PROBLEM.
Reproduce exactly the lines of this material that begin at the line with "Dunkin Donuts Coffee" and end at the line with "Airfix 1/72 scale", both included. Omit the pictures and everything else.

EXTRACTED INFORMATION.
========================================================================
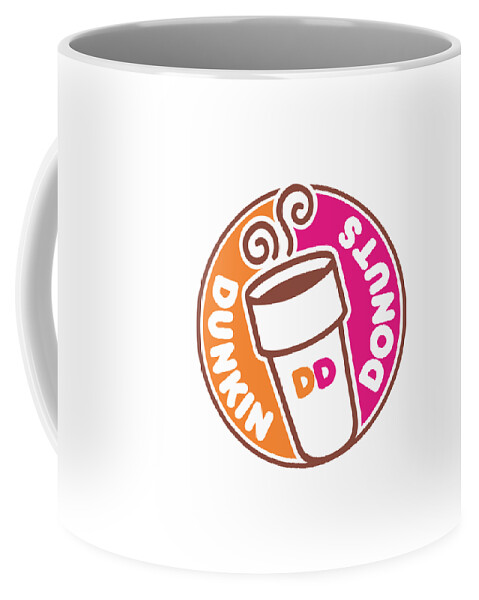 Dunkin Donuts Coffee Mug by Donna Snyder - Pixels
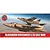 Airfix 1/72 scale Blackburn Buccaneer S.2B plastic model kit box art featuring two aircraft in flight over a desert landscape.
========================================================================
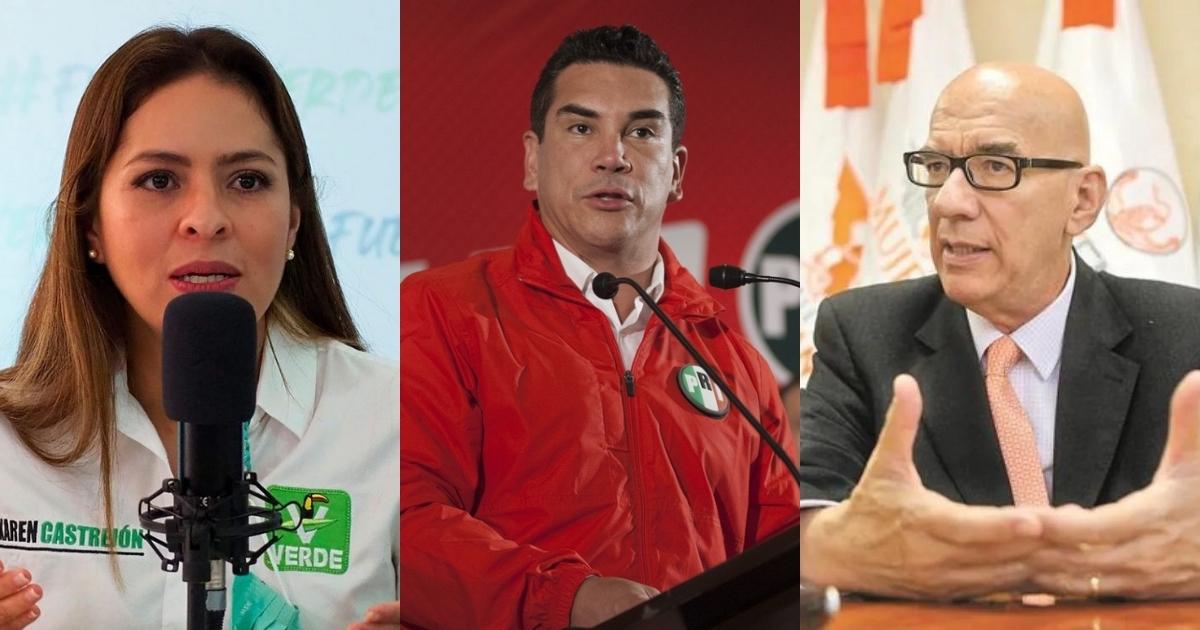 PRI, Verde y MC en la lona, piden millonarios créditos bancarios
========================================================================
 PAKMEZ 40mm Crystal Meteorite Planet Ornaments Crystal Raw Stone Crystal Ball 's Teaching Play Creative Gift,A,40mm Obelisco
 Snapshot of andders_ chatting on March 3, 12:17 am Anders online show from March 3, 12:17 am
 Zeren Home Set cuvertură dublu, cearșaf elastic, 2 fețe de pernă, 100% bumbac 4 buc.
========================================================================
EXERCISE RESULT.
 Dunkin Donuts Coffee Mug by Donna Snyder - Pixels
 Airfix 1/72 scale Blackburn Buccaneer S.2B plastic model kit box art featuring two aircraft in flight over a desert landscape.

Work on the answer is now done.